Dünyada yaklaşık 1,5 milyar insanın yaşamı bozunmakta olan arazilere bağlıyken,  Dünyanın en fakir kesiminin yüzde 42’si çoktan bozunmuş arazilerde yaşıyor. Tarım alanlarının yüzde 52’sinin ise orta veya ileri düzeyde bozunuma uğramış durumda olduğu belirtiliyor.  Çölleşme, arazi bozunumu ve kuraklık en çok kırsal bölgelerde yaşayanları etkiliyormuş gibi gözükse de bu etkilerin artan gıda fiyatlarındaki artışa bağlı olarak dalga dalga yayılacağı, şehirleri ve burada yaşayan şehirlileri de tehdit edeceği öngörülüyor.
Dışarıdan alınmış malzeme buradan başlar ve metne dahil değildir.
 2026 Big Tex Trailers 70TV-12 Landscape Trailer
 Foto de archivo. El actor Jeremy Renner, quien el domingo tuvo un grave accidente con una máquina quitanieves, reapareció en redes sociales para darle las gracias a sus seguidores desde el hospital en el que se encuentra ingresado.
Dünya tarihinde ilk defa şehirlerde yaşayan insanların sayısının, kırsalda yaşayanları geçtiği belirtiliyor. Gıda üretimine katkısı olmayan ve net tüketici olan şehirlilerin; iklim değişikliğinin etkileri ve çölleşme sebebiyle artan gıda fiyatlarına karşı çok kırılgan oldukları ifade ediliyor.  Bu konuya örnek olarak  2010 yılında gıda fiyatlarındaki artışa bağlı olarak büyük çoğunluğu kentlerde yaşayan 44 milyon insanın aşırı yoksulluk ve açlık sınırının altındaki koşullarda yaşamaya itildiği gösteriliyor.
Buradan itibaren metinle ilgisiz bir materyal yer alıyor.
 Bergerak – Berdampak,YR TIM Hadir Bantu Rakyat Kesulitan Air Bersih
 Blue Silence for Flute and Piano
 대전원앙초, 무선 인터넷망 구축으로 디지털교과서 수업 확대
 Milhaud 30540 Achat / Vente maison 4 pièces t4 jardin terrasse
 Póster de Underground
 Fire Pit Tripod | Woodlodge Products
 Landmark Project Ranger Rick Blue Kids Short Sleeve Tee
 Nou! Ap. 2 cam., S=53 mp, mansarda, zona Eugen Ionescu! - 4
Bu noktada, ekosistem merkezli adaptasyon kavramı öne çıkıyor. Bu kavram, çölleşme ile mücadele ve küresel ısınma gibi sorunlar karşısında uyum sağlamaya ve önlem almaya dayanan bir yol haritası içeriyor. Sürdürülebilir toprak yönetiminden, sera gazı azaltım stratejilerine, biyoçeşitliliğin ve ekosistemlerin güçlendirilmesinden,  topluluklara yönelik yerel adaptasyon stratejilerine kadar çok sayıda politikanın altı çiziliyor.
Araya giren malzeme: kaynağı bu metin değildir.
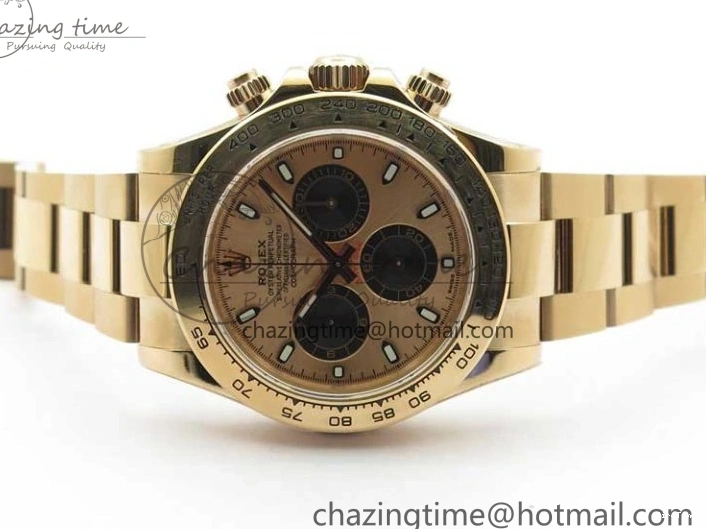 MiroTime 0412 Daytona 116508 RG Noob 1:1 Best Edition 904L SS Case and Bracelet RG Dial SA Comfortable 2705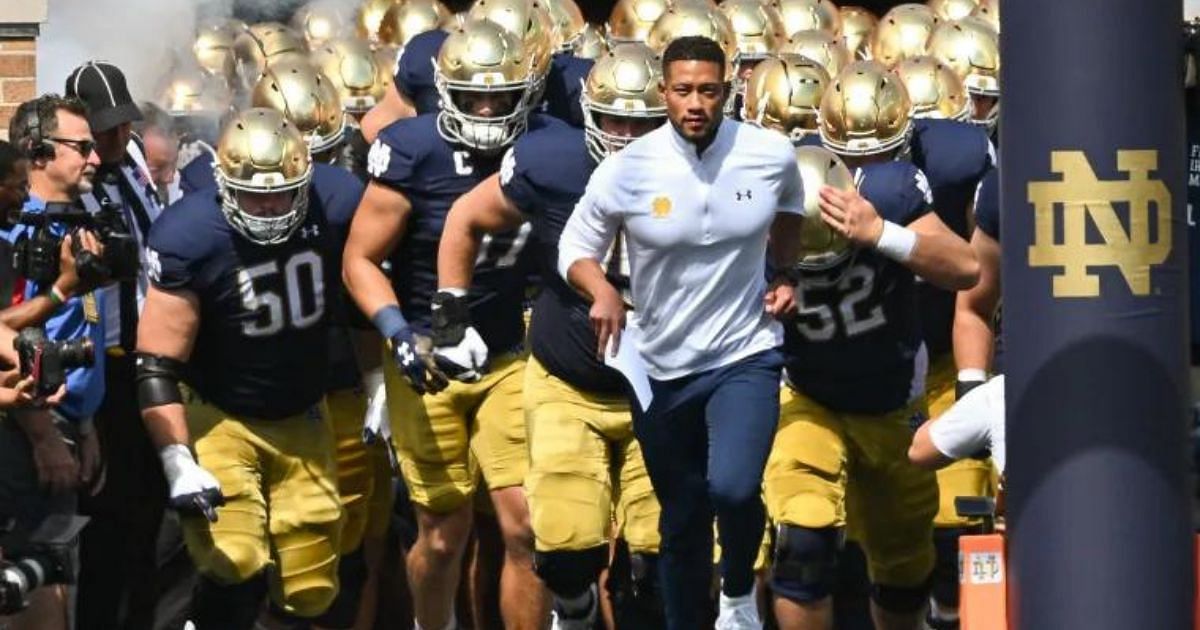 In Photos: Notre Dame football starts 2023 CFB season preparations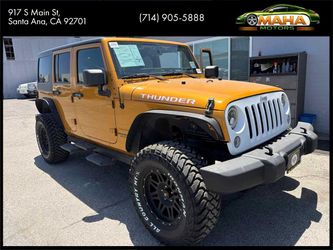 2014 Jeep Wrangler Unlimited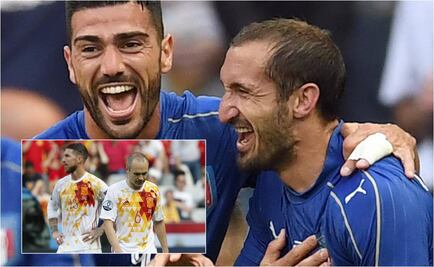 Eurocopa 2016: Italia elimina a España 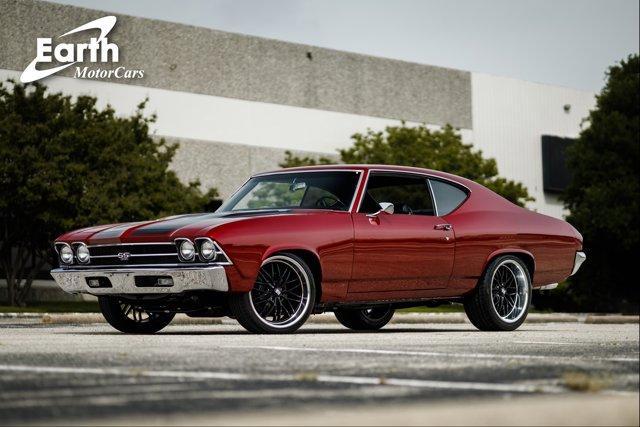 used 1969 Chevrolet Chevelle car, priced at $70,777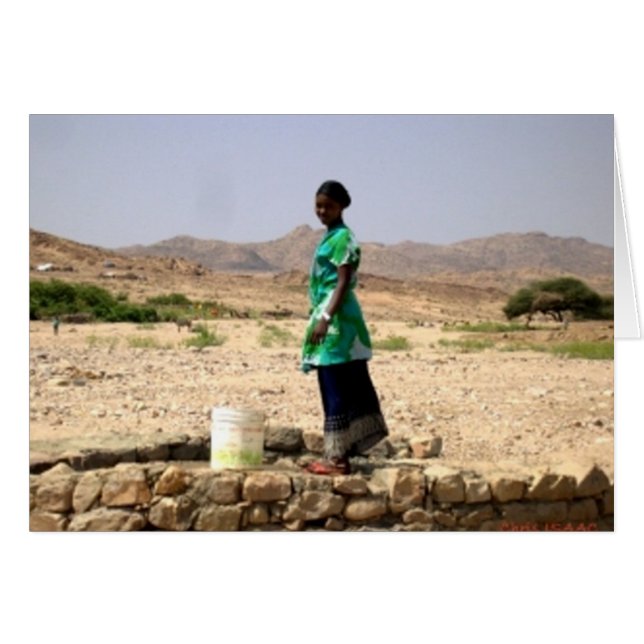 Djiboutian Woman (Voorkant Horizontaal)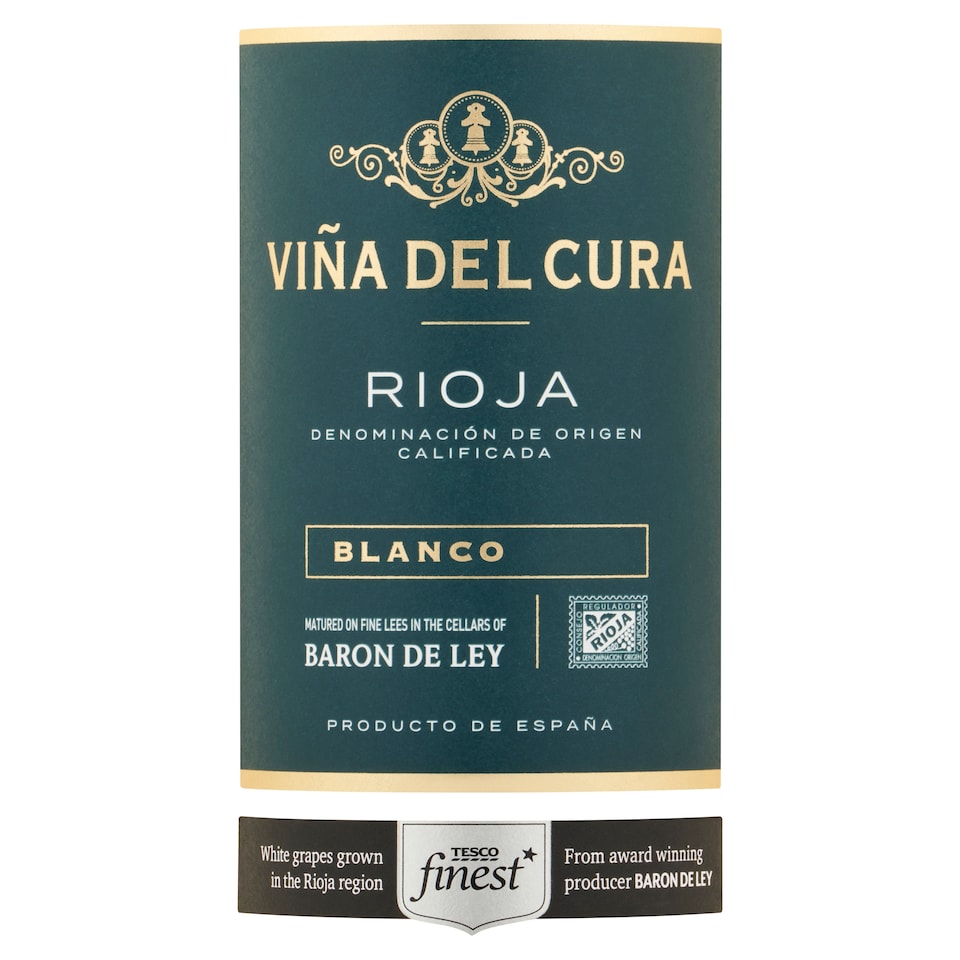 image 1 of Tesco Finest Rioja Blanco 75Cl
Ekosistem merkezli adaptasyon yüksek verimlilik potansiyeli taşıyor

Ekosistem merkezli adaptasyon ile 2030 yılı itibariyle gıdada yüzde 50, enerjide  yüzde 45, su varlıklarında ise yüzde 30 oranında artış sağlanabileceği belirtiliyor. Ekosistem merkezli adaptasyon stratejisinin sunduğu düşük maliyetli yöntemler, yüksek verimlilik potansiyeli taşıyor. Hayvancılığın doğru planlanması ve gözetimi, çayır ve mera verimliliğini sürdürülebilir kılıyor. Sağlıklı toprak sadece gıda üretimi sürekliliğini sağlamıyor, iklim değişikliği kaynaklı şiddetli doğa olaylarına karşı direnci de artırıyor.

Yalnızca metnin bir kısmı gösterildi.